129

I have the following stack trace. Is it possible to make out anything useful from this for debugging?

Program received signal SIGSEGV, Segmentation fault.
0x00000002 in ?? ()
(gdb) bt
#0  0x00000002 in ?? ()
#1  0x00000001 in ?? ()
#2  0xbffff284 in ?? ()
Backtrace stopped: previous frame inner to this frame (corrupt stack?)
(gdb) 

Where to start looking at the code when we get a Segmentation fault, and the stack trace is not so useful?

NOTE: If I post the code, then the SO experts will give me the answer. I want to take the guidance from SO and find the answer myself, so I'm not posting the code here. Apologies.

Sangeeth Saravanaraj
  • 16,027
  • 21
  • 69
  • 98
  • Probably your program jumped off into the weeds - can you recover anything from the stack pointer? – Carl Norum Mar 21 '12 at 17:36
  • 2
    Another thing to consider is if the frame pointer is set correctly. Are you building without optimizations or passing a flag like `-fno-omit-frame-pointer`? Also, for memory corruption, `valgrind` might be a more appropriate tool, if it's an option for you. – FatalError Mar 21 '12 at 17:36

6 Answers6

164

Those bogus adresses (0x00000002 and the like) are actually PC values, not SP values. Now, when you get this kind of SEGV, with a bogus (very small) PC address, 99% of the time it's due to calling through a bogus function pointer. Note that virtual calls in C++ are implemented via function pointers, so any problem with a virtual call can manifest in the same way.

An indirect call instruction just pushes the PC after the call onto the stack and then sets the PC to the target value (bogus in this case), so if this is what happened, you can easily undo it by manually popping the PC off the stack.
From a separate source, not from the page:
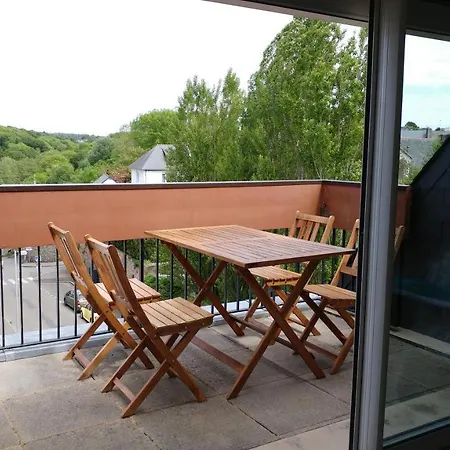 Du Centre Apartment Lannion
In 32-bit x86 code you just do:

(gdb) set $pc = *(void **)$esp
(gdb) set $esp = $esp + 4

With 64-bit x86 code you need

(gdb) set $pc = *(void **)$rsp
(gdb) set $rsp = $rsp + 8

Then, you should be able to do a bt and figure out where the code really is.
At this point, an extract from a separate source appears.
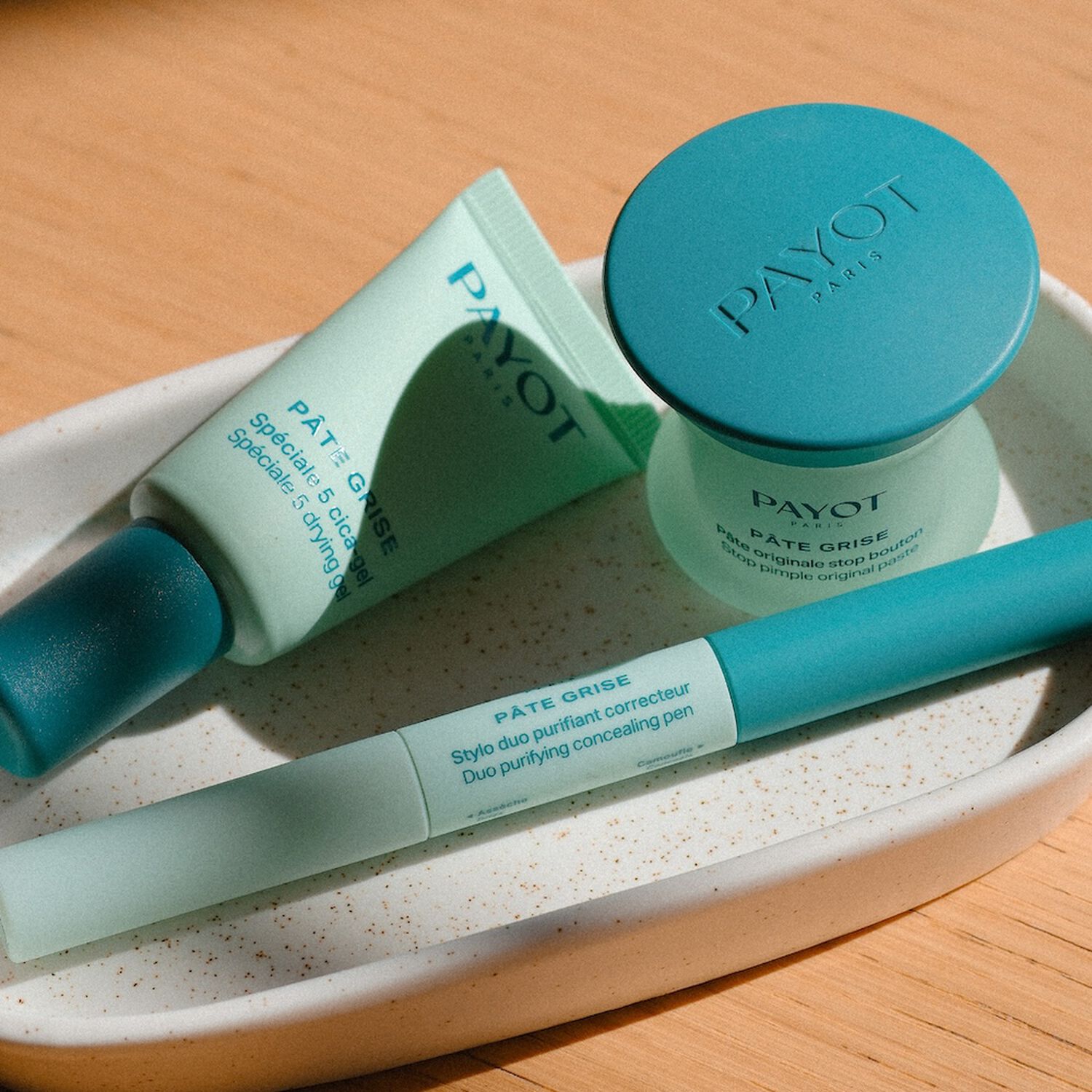 Payot Pâte Grise Spéciale 5 Drying Gel 15ml Cyprus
The other 1% of the time, the error will be due to overwriting the stack, usually by overflowing an array stored on the stack. In this case, you might be able to get more clarity on the situation by using a tool like valgrind

Chris Dodd
  • 119,907
  • 13
  • 134
  • 226
  • Is there a way to get the bt when you are not running the program, you just have a core dump? – George Feb 05 '14 at 17:26
  • 6
    @George: `gdb executable corefile` will open gdb with the executable and core file, at which point you can do `bt` (or the above commands followed by `bt`)... – Chris Dodd Mar 27 '14 at 18:58
  • @ChrisDodd I believe I tried that than and couldn't get the bt. Unfortunately it's been a while since then and I don't have that corefile anymore. Thank you anyhow. – George Mar 31 '14 at 09:54
  • When I try to change it I get following error : "Attempt to assign to an unmodifiable value." Command - set $pc = *(void **)$sp This is in arm 64 bit – Sandeep Apr 17 '15 at 12:10
  • 2
    @mk.. ARM doesn't use the stack for return addresses -- it uses the link register instead. So it generally doesn't have this problem, or if it does, it is usually due to some other stack corruption. – Chris Dodd Apr 17 '15 at 22:10
  • Thank you. Yes I remember it now. Do you have any suggestions wrt ARM for the same problem. If LR is holding invalid values. If you want me to post a new question for that, I will. Please let me know. – Sandeep Apr 20 '15 at 02:22
  • 2
    Even in ARM, I think, all the General purpose registers and LR are stored in stack before the called function starts executing. Once the function finishes, the value of LR is poped into PC and hence the function returns. So If stack is corrupted, we can see a wrong value is PC right? In this case may be adjusting stack pointer will lead to appropriate stack and help to debug the issue. What do you think? pls let me know your thoughts. Thank you. – Sandeep Apr 20 '15 at 02:37
  • I've got "Cannot access memory at address 0xbe7fffe8" on the first command. – Vincent Nov 13 '15 at 20:55
  • 1
    What means bogus? – Danny Lo May 17 '17 at 11:12
  • 1
    on ARM this attempt to cast esp register triggers "invalid cast" error – unresolved_external Oct 01 '18 at 08:01
  • 5
    ARM is not x86 -- its stack pointer is called `sp`, not `esp` or `rsp`, and its call instruction stores the return address in the `lr` register, not on the stack. So for ARM, all you really need to undo the call is `set $pc = $lr`. If `$lr` is invalid, you have a much harder problem to unwind. – Chris Dodd Oct 02 '18 at 04:38
  • Unfortunately Valgrind does not seem to detect stack corruption. You might be able to use AddressSanitizer. – Timmmm Jul 08 '22 at 10:29
48

If the situation is fairly simple, Chris Dodd's answer is the best one. It does look like it jumped through a NULL pointer.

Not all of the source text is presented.